:: THE DATA

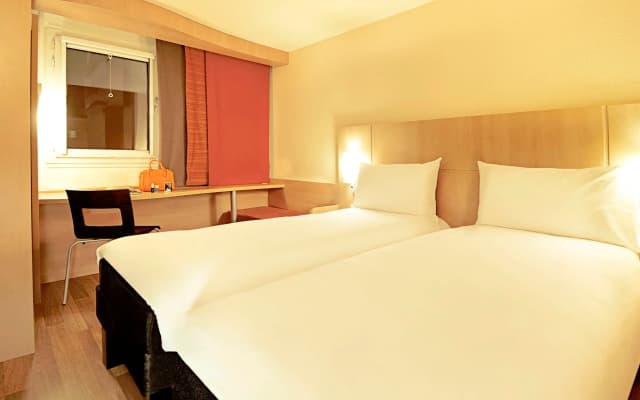 Ibis Paris Montmartre Sacré-Coeur Hotel - photo 3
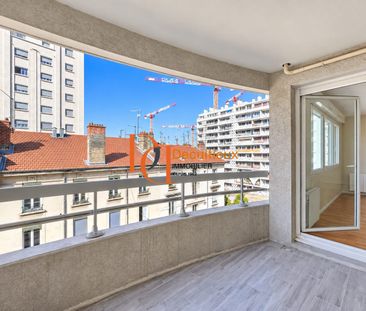 Location Appartement 2 pièces 50m² VILLEURBANNE 69100 - Photo 5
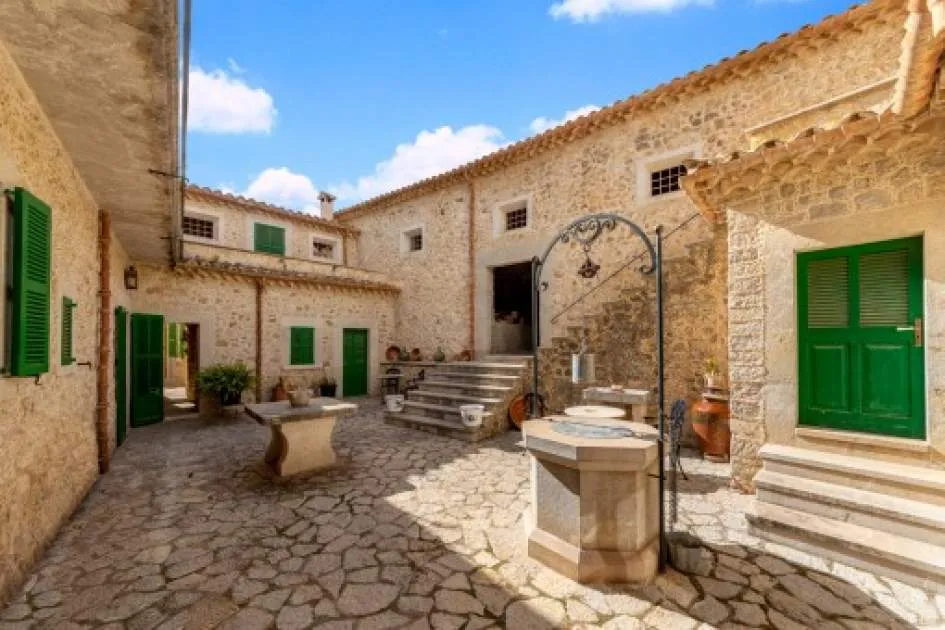Historic town-mansion with potential for various uses in Mancor de la Vall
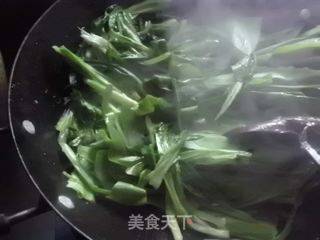 素炒油麦菜的做法步骤：4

::::

All that should be printed is the lines from the one containing "Location Appartement 2" through the last line of the material above, both ends included, exactly as they stand; please skip the pictures.

 Location Appartement 2 pièces 50m² VILLEURBANNE 69100 - Photo 5
Historic town-mansion with potential for various uses in Mancor de la Vall
 素炒油麦菜的做法步骤：4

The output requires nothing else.